MADBio Lab

Modeling for Accelerated Discovery in Biology

Mapping low-dose radiation exposures to emergent physiological consequences using integrative modeling (DOE)



To stratify risk, uncover the causal biology, and predict consequences of low-dose radiation, we need models designed for forward prediction and reverse engineering of molecular and cellular phenotypes. Physiological consequences of low-dose radiation emerge from a dynamic interplay between regulatory events across the biological hierarchy.  Rich -omic datasets offer an opportunity to integrate information across length-scales from epigenome to proteome in data-driven predictive models. However, such models don’t readily offer the interpretability or extrapolation power of knowledge-based mechanistic models. Our ability to define mechanistic models, on the other hand, is limited by gaps in biological knowledge, parameterization challenges, and the computational demands of numerical simulation. We propose to combine the two approaches: informing knowledge-based models via AI/ML predictions while constraining predictive models with known “rules” of biological signaling and relationships between molecular and cellular phenomena.

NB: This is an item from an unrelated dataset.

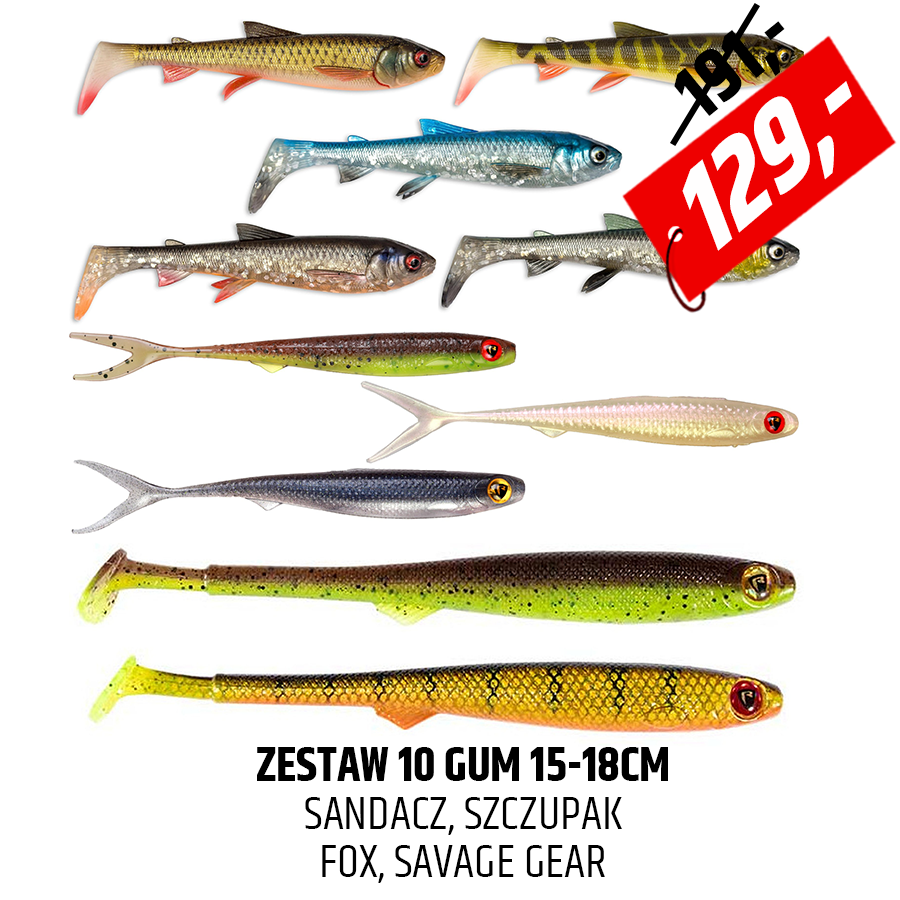 Zestaw gum na sandacze i szczupaki nr 01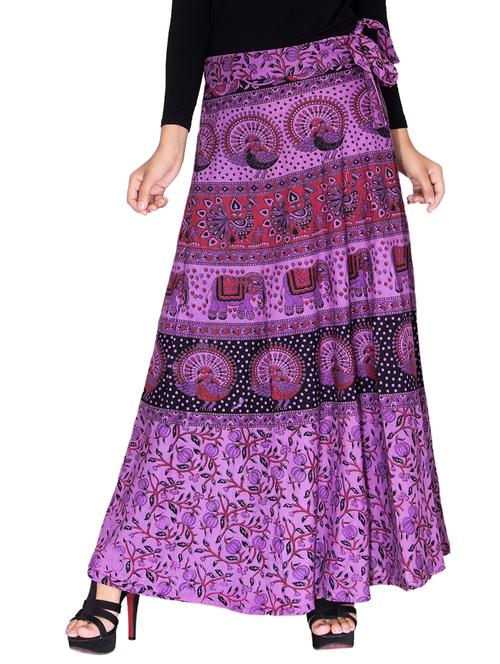 purple cotton skirt - 14421674 - Very Small Image - 1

Leveraging the coherent set of epigenetic, transcriptomic, proteomic data acquired by our multi-institutional team, we hypothesize that the integration of AI/ML models with stochastic, knowledge-based models will allow us to identify and predict the probabilistic, longitudinal occurrence of multiscale signaling patterns that confer risk of – or protection against – the negative physiological consequences of low-dose radiation.